There are two ways to get these:

Single pooled regression (with treatment indicator):
- Fit one model:
  
  \[ Y \sim D + X + D \times X \]
- This allows different intercepts/slopes by treatment status.
Separate regressions by group (common in practice):
- Fit one regression for treated (\(D=1\)) and one for controls (\(D=0\)).
- Then use each model to predict \(\hat{m}_1(X)\) and \(\hat{m}_0(X)\) for all units.

Both approaches are trying to achieve the same thing: predict counterfactual outcomes for each unit under both treatment states.

9.3.1 Why Some Articles Emphasize Separate Models

It makes the intuition cleaner: you estimate the outcome model within each group, then apply it across the sample.
It avoids strong functional form assumptions (a single pooled regression assumes the same structure across treated and controls, unless you include interactions).
In machine learning implementations (e.g., random forests, boosting), it’s natural to just train two models — one per treatment status.

9.3.2 Key Point

👉 The distinction isn’t about the logic of DR, but about the implementation.

Econometrics textbooks (like Wooldridge) often write it in pooled form for simplicity.
Applied ML papers or software implementations often do separate regressions for treated vs. controls because it’s flexible.

9.3.3 Takeaway for Your Notebook

You can phrase it like this:

In practice, the outcome regression can be specified in two ways:

one pooled model with treatment indicators and interactions, or

separate models for treated and controls.

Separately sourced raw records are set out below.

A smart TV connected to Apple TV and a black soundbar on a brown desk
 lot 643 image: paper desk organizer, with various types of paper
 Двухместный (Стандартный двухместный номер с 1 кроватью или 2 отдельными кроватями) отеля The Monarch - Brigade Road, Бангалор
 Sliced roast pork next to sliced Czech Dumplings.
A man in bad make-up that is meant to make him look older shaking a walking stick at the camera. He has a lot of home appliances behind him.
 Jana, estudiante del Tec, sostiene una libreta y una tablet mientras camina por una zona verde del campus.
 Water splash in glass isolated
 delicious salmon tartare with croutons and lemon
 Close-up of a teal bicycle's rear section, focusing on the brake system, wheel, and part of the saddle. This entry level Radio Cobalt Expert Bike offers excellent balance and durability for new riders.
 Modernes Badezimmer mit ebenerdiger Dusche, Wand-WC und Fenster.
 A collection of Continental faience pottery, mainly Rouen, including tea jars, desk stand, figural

Both approaches aim to estimate the conditional expectation of outcomes under treatment and control, which are then combined with the propensity score model in the doubly robust estimator.

9.4 Advantages

Robustness: Consistency as long as one model is correctly specified.
Efficiency: Lower variance than using outcome regression or IPW alone.
Flexibility: Can use linear models or modern ML for either part.

9.5 Assumptions

Overlap: For all covariate values, both treated and untreated units exist.
No unmeasured confounding: All relevant confounders are observed.
Consistency/SUTVA: Treatment assignment is well-defined, no interference.

9.6 Example Applications

Healthcare: Effect of new drug adoption on patient recovery, adjusting for patient characteristics.
Labor Economics: Effect of training programs on wages when participants self-select.
Education: Effect of tutoring on test scores, controlling for student demographics and school resources.

9.7 Summary

Doubly robust estimators are widely considered a best practice in causal inference:

They provide a safeguard against misspecification.
They unify regression and weighting methods.
They extend naturally into advanced designs (e.g., DR DiD, Double Machine Learning).

They don’t remove the need for strong design and good covariates, but they improve the credibility and stability of causal effect estimates.

9.8 Extension: DR in Difference-in-Differences (DRDID)

Extends DR logic to DiD setups.
Estimates the ATT when parallel trends may hold only after conditioning on covariates.
Uses both:
- Outcome regression in pre/post periods, and
- Propensity scores for treatment assignment.
Still consistent if either the outcome regression or the propensity score model is correct.